Still Here (Half An Arc/johnrooneymusic.com)

There’s a friend of mine who, after wanting some definition of guitar pop, power pop and jangly guitar – having grown tired of seeing them turn up in reviews and stories as if everyone knows what we mean - still wants to know what’s so special about it? After all it’s an old fashioned form long forgotten by the world isn’t it?

I could tell her it’s about the melodies, which can walk a line between teenage excitement at the world in prospect and a kind of premature sadness about the (more likely) world to come. Because whatever else guitar/power/jangly pop always, always retains a sense of youthful wonder about the world.

And the fact that these can all be present whether you, or the songwriter, are teens, have teens or can barely remember what teens look like.

Possibly I’d add how basslines often present a melody not just a rhythm, while the mix of acoustic and electric guitars work on attractiveness rather than force. And when they amp up it’s still at a setting of 7 rather than 9, 10 or 11.

Because the guitar is the servant of the song, not the star.

Maybe there’d be mentions of the way backing vocals can be sweet, pretty, massed or as lonely as the protagonist, while the lead voice doesn’t demand technique but rather commitment.

Or maybe I’d cut to the shorthand, figure some of these names mean something, and say it’s made by people who grew up listening to (or being in) the Beatles and the Searchers, Big Star and Marshall Crenshaw, the Raspberries and Hoodoo Gurus, the Byrds and the Lonely Hearts.
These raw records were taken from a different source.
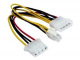 Gembird CC-PSU-4, kabel rozdzielacz zasilania Procesora (CPU) z 2 x Molex 4-pin na ATX12V 4-Pin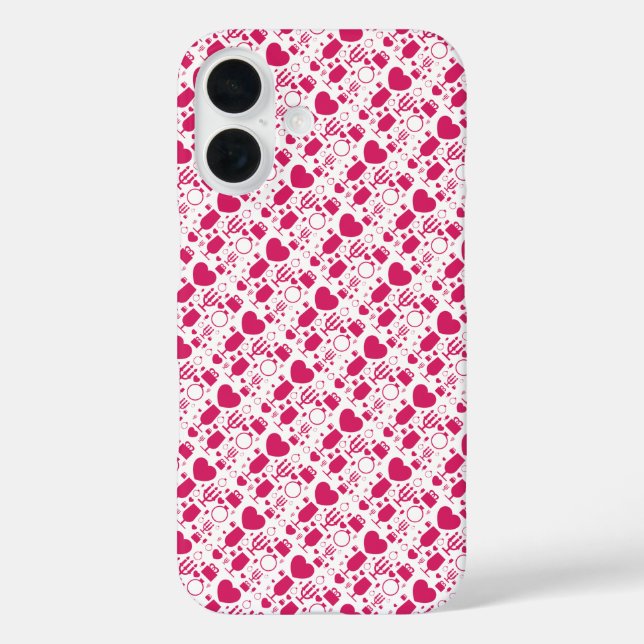 Coques Case-Mate iPhone éléments de motifs de la Saint-Valentin (Verso)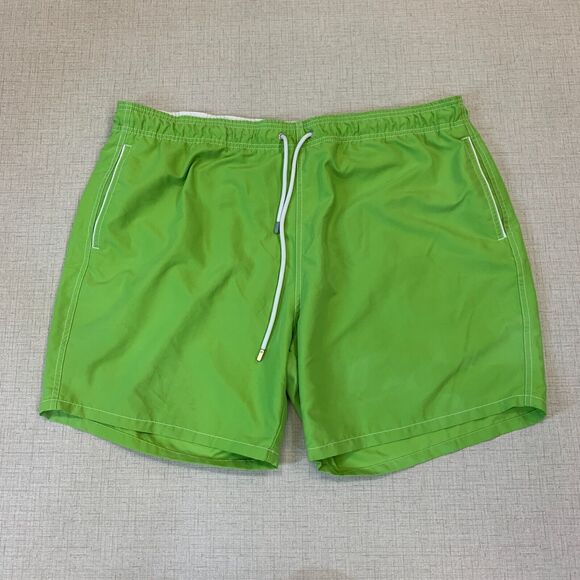 Bugatchi Uomo Swim Shorts Mens XL Extra Large Peapod Green Stretch Waist Trunks - Picture 2 of 9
All of those elements are here in some form on the satisfying new album from a former Lonely Heart - who put out three albums more recently under the name Coronet Blue before shedding the band monikers - backed by a who’s who of pop since the 1980s.

With the proviso that there are no full-throttle songs here (the power in this power pop is suggested not deployed), let’s start with the slower tracks from Rooney and his principal co-writers Georgina Johnston and Tom Watson.

Fall Into The Ocean is a ballad without the dramatics: gentle and ruminative in the verses and soul/gospel in the choruses; Guilt Street works similarly with a strong sense of west coast rock. Without You has some tension: the guitars tauter, the voice plaintive, the sweetness only in drops of female backing; Don’t You Think positions itself somewhere around 1974: a restrained guitar solo, bass sticking its nose into the discussion and a melody that heads to adult territory.

On the mid-tempo, Whatever The Difference ends the album with something of a faint echo of Blondie’s Picture This, while Fairground Ride opens the record with what on the page sounds contradictory - wistful hopefulness – but on disc works as it pairs Rooney’s ache with the backing voices’ more buoyant ooh-la-lalas. High Up In The Sky has some choppiness around a lovely, liquid bass and, also off the back of an intermittently prominent bass, Night Letters is the pushy younger sibling of the album, with its snappier drums and a chorus that feels not quite fully formed but eager.

If Still Here feels more comfortable and pleasing than outright thrilling – I’m not going to be quickly turning my guitar pop-averse friend into a convert with this - it’s worth remembering that sometimes it’s just good to have day-to-day pleasures at your fingertips.